Under Section 1, 2, 5 and 6 of the Bill:

  1. The Chief Information security officer is required to:
  • Identify, assess, and mitigate cyber threats to state government;
  • Annually collect information from all public agencies to assess the nature of threats to data systems and the potential risks and civil liabilities from the theft or inadvertent release of such information;
  • Coordinate and partner with specified agencies, boards, and councils, annually assessing the data systems of each public agency for the benefits and costs of adopting and applying distributed ledger technologies such as blockchains;
  • Develop and maintain a series of metrics to identify, assess, and monitor each public agency data system for its platform descriptions, vulnerabilities, risks, liabilities, appropriate employee access control, and the benefits and costs of adopting encryption and distributed ledger technologies.

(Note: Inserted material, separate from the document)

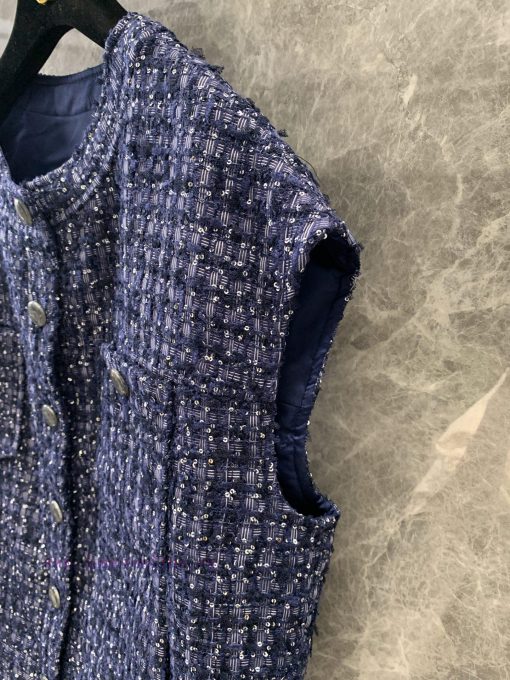 ZW60983 Chanel 25P Spring/Summer New Knitted Color Contrasting Coarse Floral Pattern Round Neck 565mo127 - Image 8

2. The Director of OIT is required to consider:

  • The annual metrics from the office of the chief information security officer to recommend programs, contracts, and upgrades of data systems that have good cost-benefit potential or return on investment.
  • Developing along with the office of the chief information security officer public-private partnerships and contracts to allow capitalisation of encryption technologies while protecting intellectual property rights.

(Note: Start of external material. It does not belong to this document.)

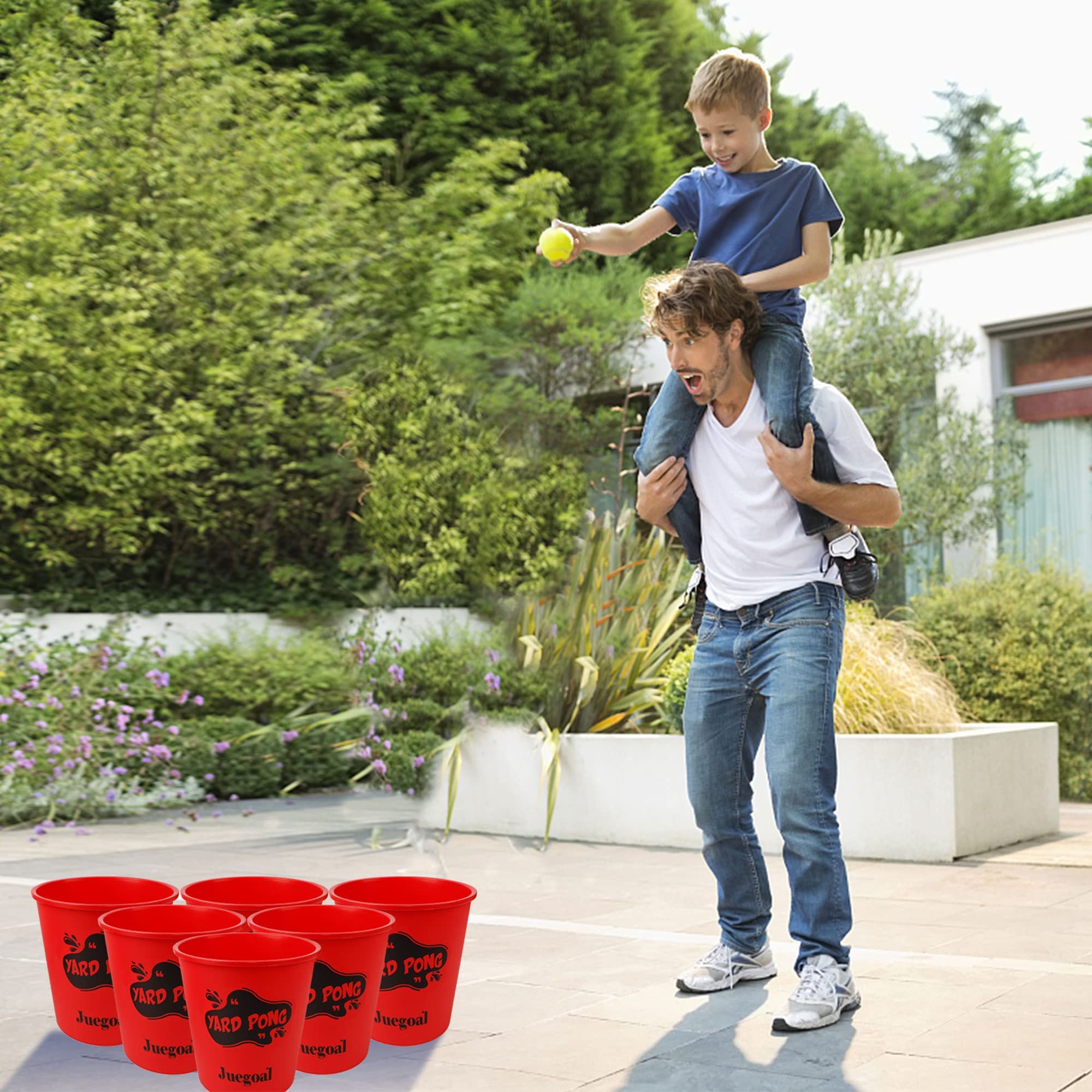Juegoal Outdoor Yard Games Set with Durable Buckets and Balls, Toss Game Throwing Game for Beach, Camping, Lawn and Backyard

3. The Department of State is required to consider:

  • Research, development, and implementation for encryption and data integrity techniques, including distributed ledger technologies such as blockchains.
  • Using of distributed ledger technologies when accepting business licensing records and when distributing department of state data to other departments and agencies.

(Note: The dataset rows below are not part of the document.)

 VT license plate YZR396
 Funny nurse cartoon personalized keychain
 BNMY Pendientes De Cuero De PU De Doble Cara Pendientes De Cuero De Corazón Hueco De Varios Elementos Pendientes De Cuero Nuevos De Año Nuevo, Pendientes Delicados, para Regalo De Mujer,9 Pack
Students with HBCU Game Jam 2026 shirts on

4. The Executive Director of the department of regulatory agencies or the director’s designee is required to consider:

  • Secure encryption methods, including distributed ledger technologies, to protect against falsification, create visibility to identify external hacking threats, and to improve internal data security.

Section 4 of the Bill requires the department of higher education to allocate money to institutions of higher education participating in cybersecurity and distributed ledger technology activities, and participating institutions of higher education to allocate percentages of that money to provide scholarships to students doing work in connection with cybersecurity and distributed ledger technology.

Section 1(6)(a)-(b) of the Bill prohibits a county or municipal government from imposing a tax or fee on the use of distributed ledger technologies by any private person or entity, or from requiring any private person or entity to obtain a certificate, license, or permit to use distributed ledger technologies.

Section 8 of the Bill allocates $250,000 to the office of the governor for use by the office of information technology and  $10,200,000 to the department of higher education for the 2018-19 state fiscal year.

Finally, Section 3 of the Bill specifies that the University of Colorado at Colorado Springs and any nonprofit organisation with which the university has a partnership may consider:

  • Encouraging coordination with the United States Department of Commerce and the national institute of standards and technologies to develop the capability to act as a Colorado in-state center of excellence on cybersecurity advice and national institute of standards and technologies standards;
  • Studying efforts to protect privacy of personal identifying information maintained within distributed ledger programs, ensuring that programs make all attempts to follow best practices for privacy, and providing advice to all program stakeholders on the requirement to maintain privacy in accordance with required regulatory bodies and governing standards; and
  • Encouraging the use of distributed ledger technologies, such as blockchains, within their proposed curricula for public sector education.